YouGov’s latest polling finds that far more people feel that the government’s cuts have benefited the economy rather than hindered it. What people are unhappy about, and what must surely be at least partly responsible for Labour’s slight-but-stubborn poll lead, is the way the cuts have been administered: 53% feel the cuts have been carried out unfairly. “The public” seem to be saying that they accept the need for cuts but not these cuts. It looks like it should be paradoxical, but it’s not – not quite, anyway.
There is a fine line that can be walked here, with an argument that emphasises both fairness and fiscal responsibility. Obviously, it’s not easy: if there were popular cuts to be made you can be sure the Tories would have carried them out already. But increasingly, it looks like the only way to go into the next election.
Fortunately, it is exactly the economic argument that Labour are planning to make in the run-up to May next year. We already hold good ground on one side of the argument – for the past four years we have attacked the Tories’ austerity agenda. People know that we have been against it.
While Miliband’s personal ratings generally make for depressing reading, he carries a consistently strong lead on being in touch with the concerns of ordinary people. It is a good base to build on. What we need now is a touch of honesty. “Honesty” is the other quality on which Miliband holds a lead of the other party leaders. It could be his saving grace.

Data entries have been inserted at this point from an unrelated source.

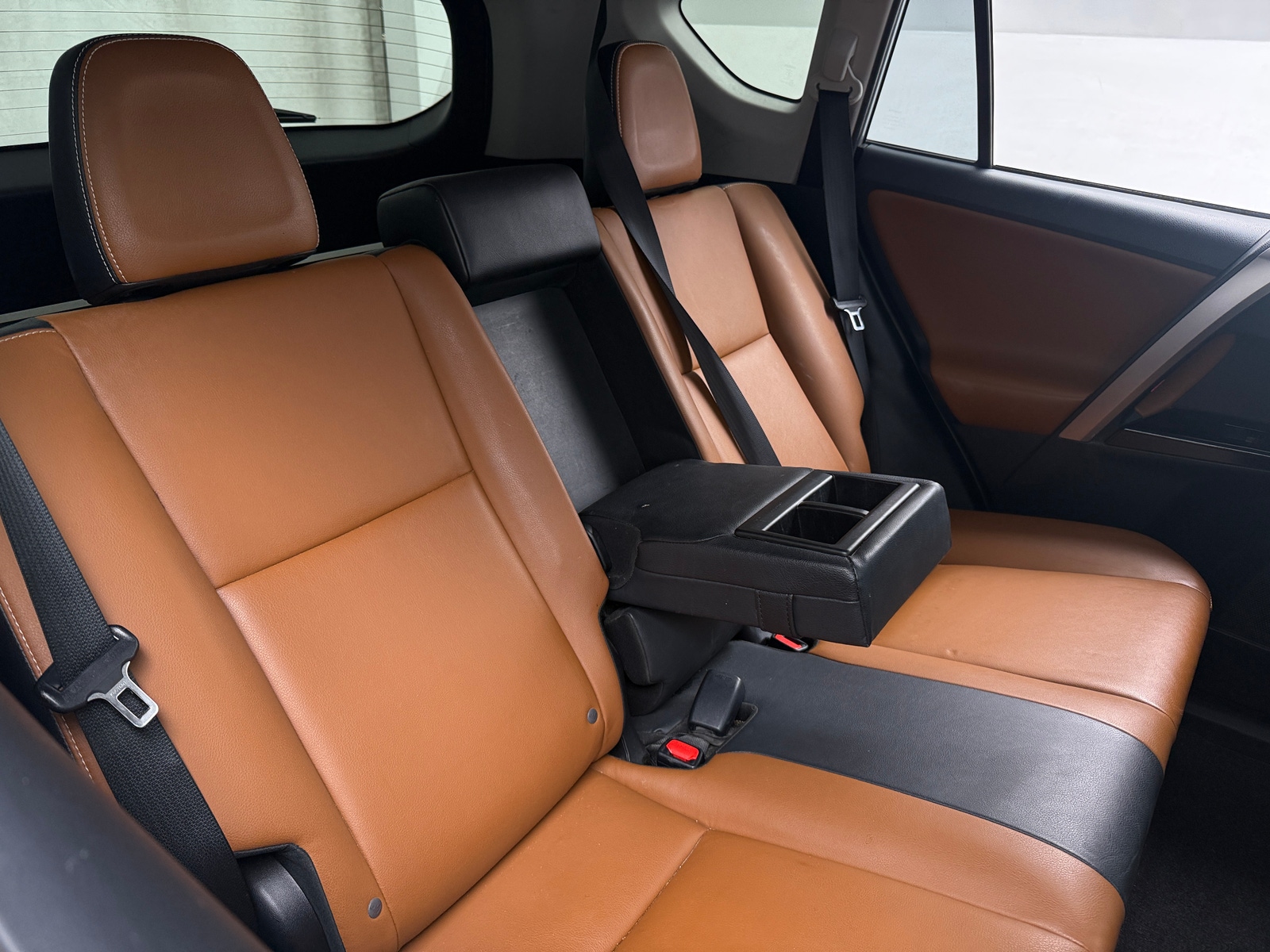 Thumbnail: 2016 Toyota RAV4 - 5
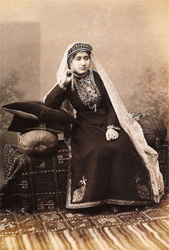 Donna armena circondata da manufatti tessili, alla fine del XIX secolo.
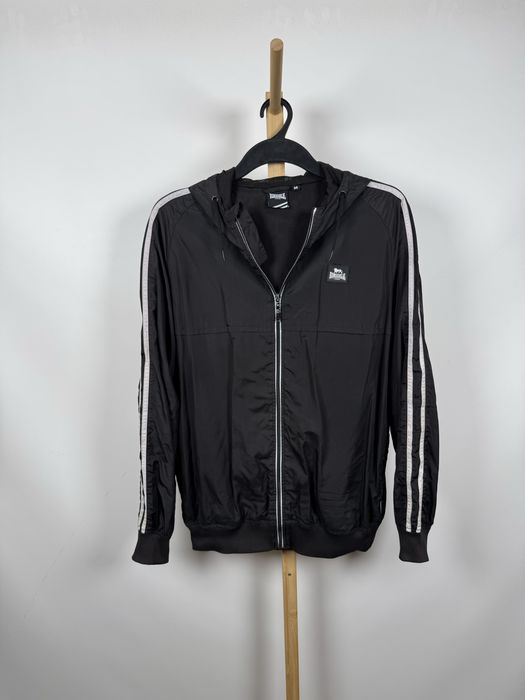 Lonsdale czarna lekka kurtka wiatrówka M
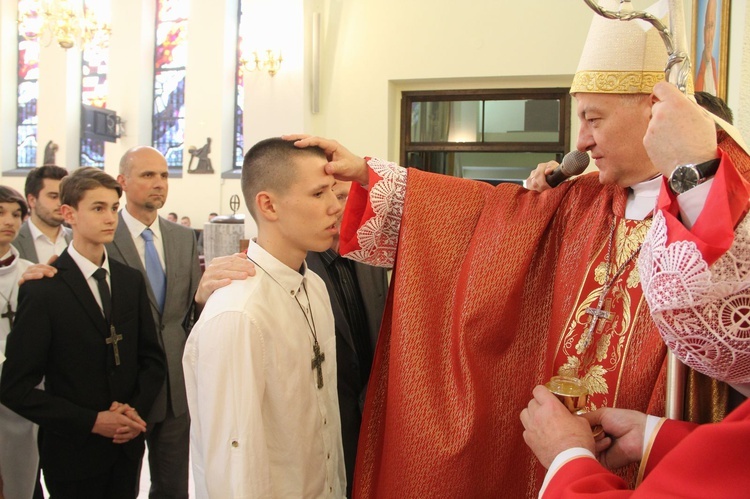 Bierzmowanie u Matki Bożej Fatimskiej w Tarnowie, cz. 1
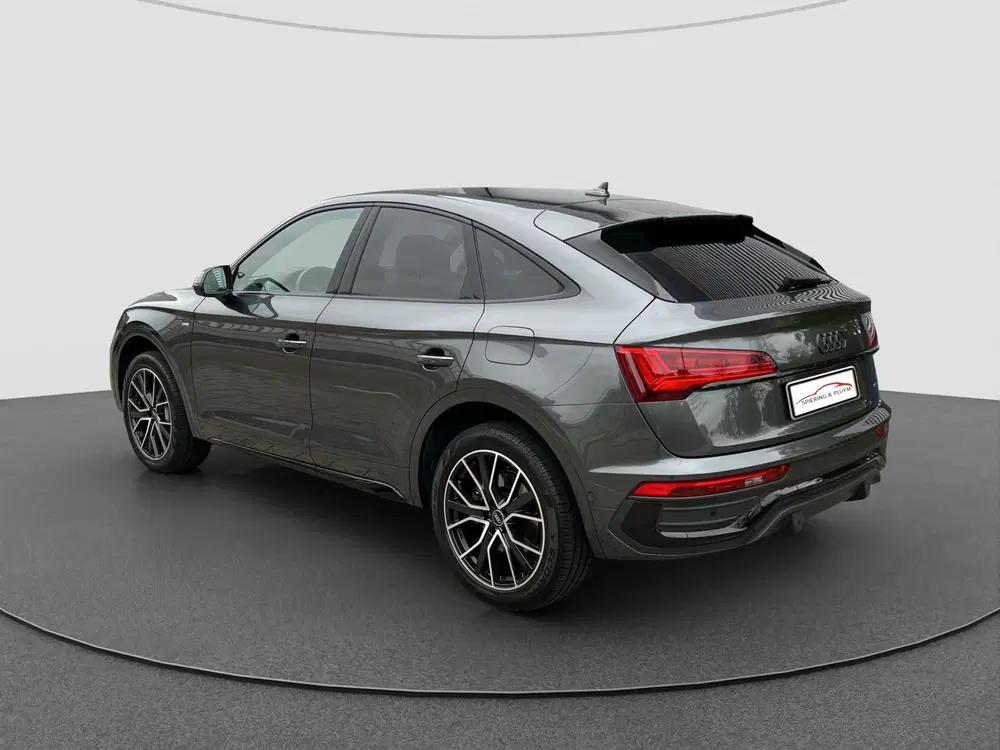 Audi Q5 55 TFSI e S edition Competition uit 2022, foto 10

We know how much damage can be caused by a politician’s honest appearance being crushed once in government: we need look no further than Nick Clegg. For Miliband, the only thing that will make the tough decisions in Number 10 any easier will be if he’s straight with us now. If he is not clear now about the cuts he plans to make, the public backlash once they are implemented could have a deeper and longer-lasting effect on the party’s image than the 1983 manifesto.

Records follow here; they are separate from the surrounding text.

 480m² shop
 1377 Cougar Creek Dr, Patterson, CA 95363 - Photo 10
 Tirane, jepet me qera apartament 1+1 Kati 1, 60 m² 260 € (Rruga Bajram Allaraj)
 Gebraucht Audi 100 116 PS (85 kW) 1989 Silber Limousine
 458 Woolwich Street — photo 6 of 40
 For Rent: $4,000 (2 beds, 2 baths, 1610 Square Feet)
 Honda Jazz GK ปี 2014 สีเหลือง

That’s if we get that far at all. As Andrew Rawnsley identified this weekend: “Labour won’t win power over the people’s money unless it is trusted with the people’s money”.

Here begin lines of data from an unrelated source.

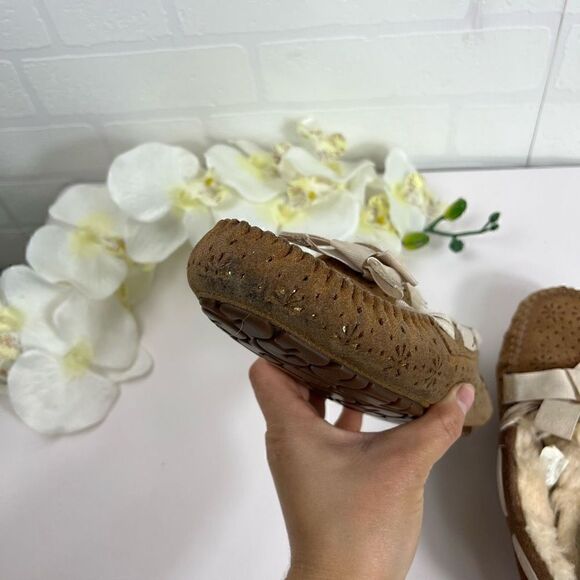Ugg Womens Moccasin Slippers size 5 - Picture 8 of 12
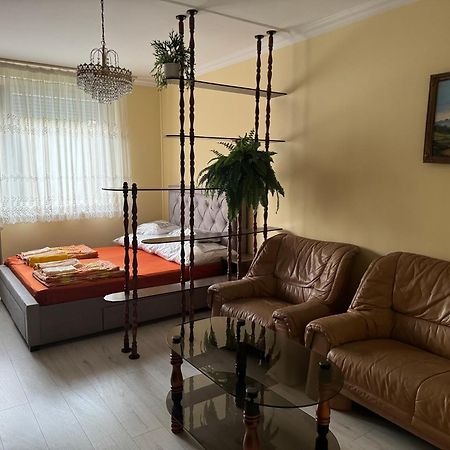 Termal Apartman Tiszaújváros Eksteriør bilde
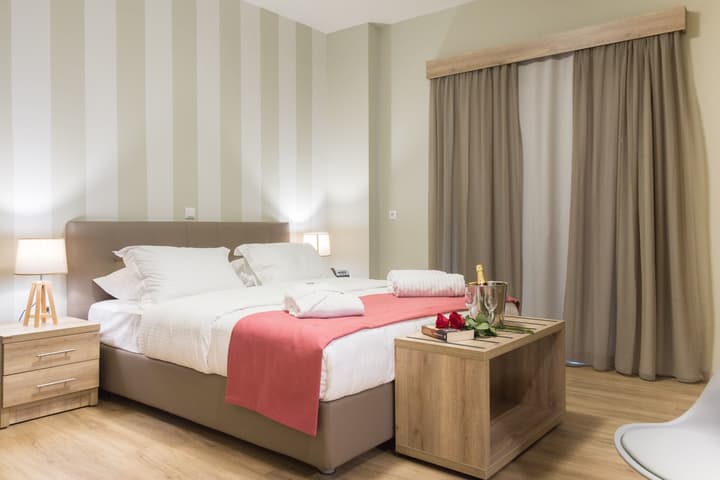 Hotel @ Syngrou Fix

There really is little point in identifying a strategy (in this case, deficit reduction) for winning people’s confidence in your ability to handle the economy if all you then do is allude to it. Simply saying that “tough decisions” will be made won’t convince people.
We often hear about how Labour need to be bold and radical. When Miliband next makes a big policy announcement he needs to make his boldest and most radical step yet: he needs to tell us the first big cut he’s going to make.